What makes it especially difficult though is that the AFL requires a far higher level of support to sustain a team than any other sporting league. Newcastle people don't exactly pack out their stadium week in week out for rugby league, and it's supposed to be a massive stronghold of the game. The Knights have only averaged over 20k twice this century (and appear to be in constant financial turbulence). What chance would an AFL team have of getting 25-30k a week? Nought.
This is the thing though, with the exception of a third WA team and maybe Canberra (over perhaps decades), where are there feasible options for new teams which you could be confident of getting north of 25K average crowds? I can't imagine any.

The reason the AFL could go down the paths of adding teams in Newcastle or a third in some "unserviced" region of Sydney (which I am personally less sold on than the Hunter) is because it can fund the gap between the baseline distribution and the clubs own revenues in perpetuity if it is worthwhile over all.

This is the key threshold question: would the AFL get more out of this than whatever that gap payment is? This was essentially the question facing the AFL (and the clubs who iirc need to approve any expansion and voted unanimously) when it embarked on the two-in-one-go expansion into Western Sydney and the Gold Coast. Basically committing for a long haul commitment of $20 million a year over and above the base distribution for at least a decade.

If GWS and the gold coast have significantly reduced the amount of "gap funding" required for them to spend the football department cap by, say, 2030 and the TV rights money has continued to grow substantially (perhaps partly on the back of a deepening footprint north of the Barassi line) then I reckon a Hunter team would be in the frame as a candidate for introduction in the following decade. Assuming Tasmania and a third Perth team are in existence at that stage then Canberra and the Hunter/central coast would be the most significant regions without a team.
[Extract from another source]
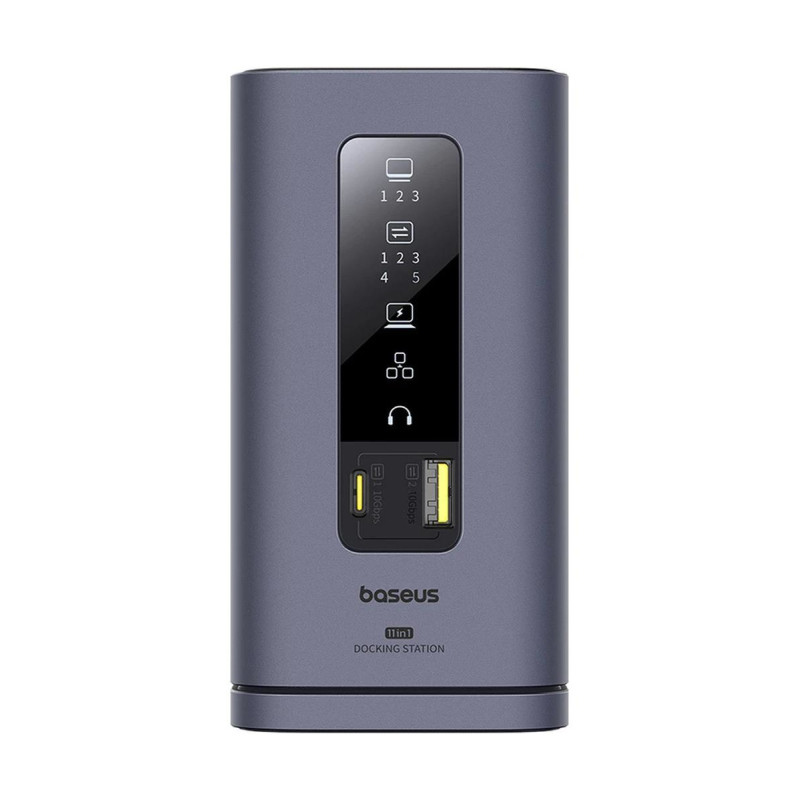 Baseus Dokovacia stanica Spacemate 11v1 (USB-C PD, USB-C, 2x USB-A, 3x HDMI) sivá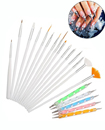 20pc Nail Art Design Painting Dotting Detailing Pen Brushes Bundle Tool Kit Carry Case Set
The difference with the NRL is the (moderate) existence of private ownership means they almost certainly could not self-fund an expansion anyway and it has less "disposable income" to achieve it. The only way would be through private ownership with all the risks that entails. The lack of draft system with a grafted on academy system for development regions means that it would be very difficult to establish a team in perth that is competitive over time. The fact in its heartland it has a small and decreasing share of participation numbers, and is far more contested at a professional level means its strategic goal is consolidation not expansion.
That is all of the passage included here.